The UK government had allowed the pro-Khalistan rally to take place at Trafalgar Square in London, despite India's objection.


The United Kingdom government has distanced itself from the pro-Khalistan rally that was organized by a separatist Sikh organization in London on Aug.12. The issue had brought about a strain in diplomatic ties between the two countries, with India voicing its dissent over the event.

The UK government has said that merely giving a nod to a rally doesn’t mean that Britain supports or opposes the cause, PTI reported.

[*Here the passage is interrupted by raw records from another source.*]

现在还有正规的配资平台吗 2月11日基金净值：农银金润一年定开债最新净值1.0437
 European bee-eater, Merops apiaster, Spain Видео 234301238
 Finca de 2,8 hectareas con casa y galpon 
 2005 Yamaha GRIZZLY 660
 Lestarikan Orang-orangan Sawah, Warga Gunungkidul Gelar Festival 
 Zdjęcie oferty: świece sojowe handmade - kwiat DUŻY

“Although we allowed the protest to take place, this should not be taken as expressing a view either in support or against. We are clear that this is a question for the people and government of India,”  the news agency quoted a source associated with the UK government as saying.

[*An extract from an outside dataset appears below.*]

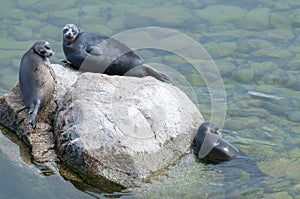 The Baikal seal nerpa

The comments came following reports regarding exchange of letters between the United States-based Sikhs For Justice (SFJ), which organized the London rally, and the UK Foreign and Commonwealth Office (FCO) on the “campaign for Sikh self-determination,” the report added.

The prospect of a “short meeting” sought by SFJ with UK government representatives to raise the concerns of Sikhs was turned down by the FCO, which said that it “encouraged all involved parties to resolve any differences through dialogue.”

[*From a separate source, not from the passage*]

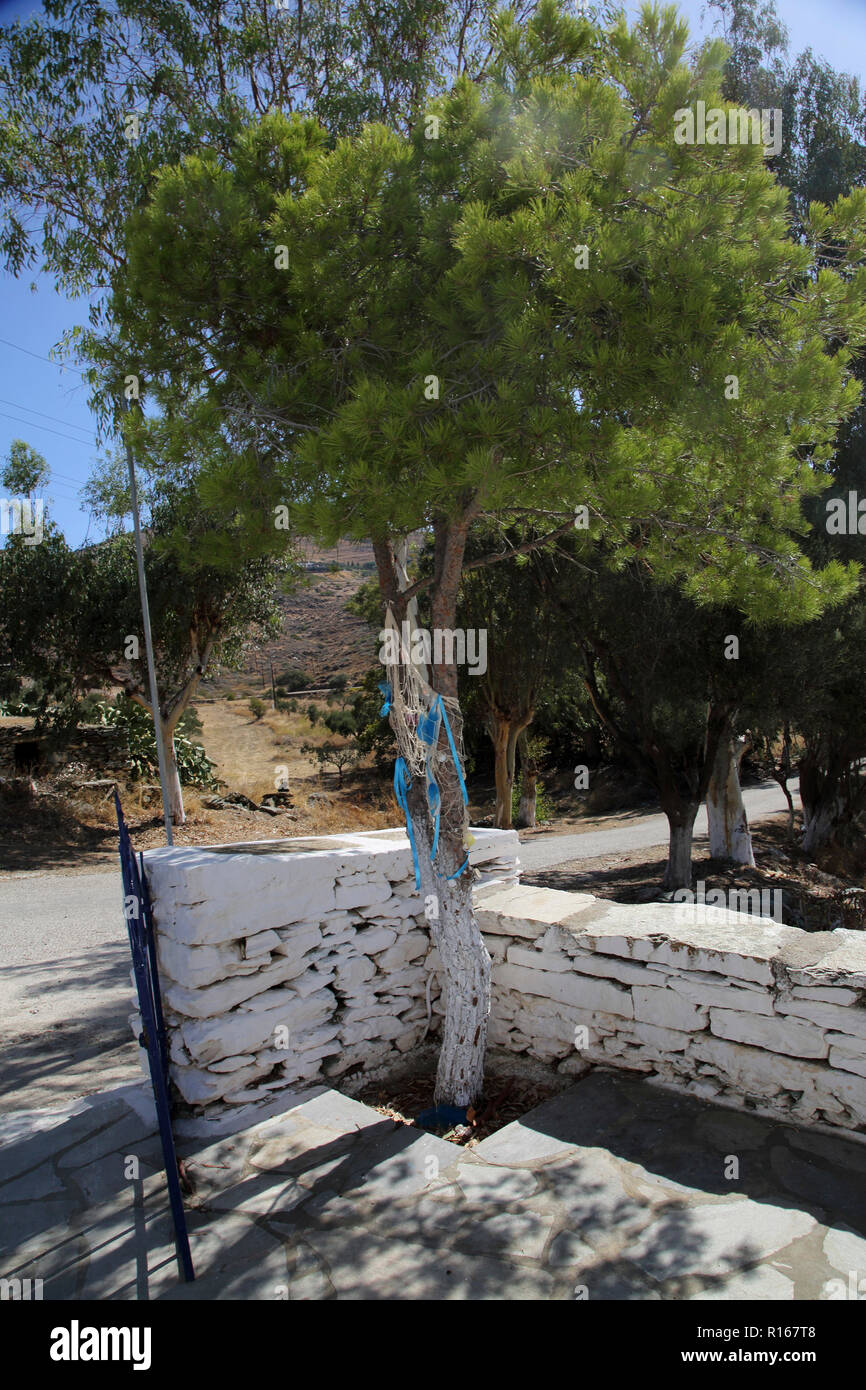 Kea Insel Griechenland Otzias Agios Irini Saint Sozon Kirche Baum mit einem Fischernetz und Jakobsmuscheln Stockfoto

The United Kingdom is “rightly proud of the long-standing tradition in this country that people are free to gather together and demonstrate their views,” the report cited a letter dated Aug. 17 from an unnamed ‘Desk Officer for India’ at the FCO as stating.

“The British government acknowledges the strength of feeling in the Sikh community regarding the events of 1984, including events at the Golden Temple in Amritsar. We encourage all states to ensure that their domestic laws meet international human rights standards,” it added.

Britain had allowed the “London Declaration on Referendum 2020” rally to take place at London’s Trafalgar Square, despite the Indian government’s request to ban the event. India had last month cited a plausible adverse impact on the bilateral relations between the two countries to lodge a protest against the rally.

The Indian government issued a demarche in July and said that it expects the UK government to disallow any such group to use its country, whose intention is to spread hate and which can affect bilateral ties, External Affairs Ministry spokesperson Raveesh Kumar said at the time, adding that India told Britain that the intention of the event was the same.

The UK government, however, gave its nod to the rally, saying that people in the country enjoy the right to express their views within the limits of law.

“In UK people have right to gather & demonstrate views within law. We won’t tolerate groups who spread hate or raise community fears by bringing disorder to towns and cities. Police have powers to deal with such activities,” the British High Commission had said on the issue, according to an earlier report by ANI.

The purpose of the separatist rally, attended by over 2,000 Sikhs, was to start a campaign for a non-binding referendum on the independence of Punjab. A pro-India rally was also held at Trafalgar Square on Aug. 12 to counter the march campaigning for a Khalistan referendum.